Justice Mansfield’s opinion employs the label “local control” without analysis of exactly what that means. In San Antonio, local control was favored because it encouraged citizen participation in decision making, permitted the structuring of school programs to fit local needs, and encouraged “experimentation, innovation, and a healthy competition for educational excellence.” San Antonio, 411 U.S. at 50, 93 S. Ct. at 1305, 36 L. Ed. 2d at 52–53. Should we declare, as a matter of law, that the distinctions between the various school districts in this case were the result of these factors? Is it not possible that, in this case, the state regulatory framework in actuality deprives local school boards of local control in the sense that they do not have the practical ability to make considered policy choices? Would the responsible school officials in the districts where the plaintiffs reside claim that the alleged dramatic differences in teacher experience, course loads per teacher, and curriculum offerings were the result of a local, discretionary choice or would they cite systemic limitations? Does the way education is structured in Iowa promote local control or restrict it? We will, of course, never know the answer to these questions in light of the summary dismissal of the case without the development of a factual record.

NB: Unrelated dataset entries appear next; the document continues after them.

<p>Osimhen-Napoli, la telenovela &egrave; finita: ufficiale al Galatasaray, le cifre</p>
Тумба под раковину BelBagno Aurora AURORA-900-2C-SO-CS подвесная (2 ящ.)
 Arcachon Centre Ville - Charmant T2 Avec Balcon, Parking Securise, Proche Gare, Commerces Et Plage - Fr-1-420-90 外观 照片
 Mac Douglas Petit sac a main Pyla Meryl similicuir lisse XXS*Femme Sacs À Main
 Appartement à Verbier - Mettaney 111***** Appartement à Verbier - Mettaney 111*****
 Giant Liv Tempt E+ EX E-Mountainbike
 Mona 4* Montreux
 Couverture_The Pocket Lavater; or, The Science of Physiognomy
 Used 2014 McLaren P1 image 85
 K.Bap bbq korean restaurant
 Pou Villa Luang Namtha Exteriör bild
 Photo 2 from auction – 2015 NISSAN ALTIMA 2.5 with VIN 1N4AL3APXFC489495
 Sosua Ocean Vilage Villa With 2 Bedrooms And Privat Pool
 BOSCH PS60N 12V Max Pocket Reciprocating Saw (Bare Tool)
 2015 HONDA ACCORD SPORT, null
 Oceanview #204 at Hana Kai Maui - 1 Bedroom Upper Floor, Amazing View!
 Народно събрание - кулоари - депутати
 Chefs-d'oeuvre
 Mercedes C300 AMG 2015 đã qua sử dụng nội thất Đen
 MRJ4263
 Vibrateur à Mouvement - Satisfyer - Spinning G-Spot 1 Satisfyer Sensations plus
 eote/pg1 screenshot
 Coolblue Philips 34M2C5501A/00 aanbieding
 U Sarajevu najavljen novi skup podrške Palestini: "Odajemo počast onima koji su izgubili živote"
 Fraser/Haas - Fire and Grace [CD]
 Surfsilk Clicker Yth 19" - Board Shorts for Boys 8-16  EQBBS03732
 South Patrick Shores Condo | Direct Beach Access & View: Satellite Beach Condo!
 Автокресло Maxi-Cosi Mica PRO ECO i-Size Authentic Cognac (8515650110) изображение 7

Justice Appel (pages 157-158):
I have no doubt that there is a potential due process claim in light of the compulsory nature of school attending. We said as much in Exira. The notion is uncontroversial that where a liberty interest is impaired—and surely it is impaired by mandatory school attendance—the deprivation of liberty must be rationally related to a legitimate state objective. Youngberg, 457 U.S. at 324, 102 S. Ct. at 2462, 73 L. Ed. 2d at 42–43. There is also no doubt that education is a legitimate state objective. The question under due process is whether the education received by the person whose liberty is impaired is rationally related to the state’s legitimate interest in educating citizens. Any application of the due process clause, however, would give the state a wide range of permissible action in providing education to its charges. There is no due process right to a specific kind of education, but only a sufficiently reasonable educational effort to justify the intrusion on the liberty interest.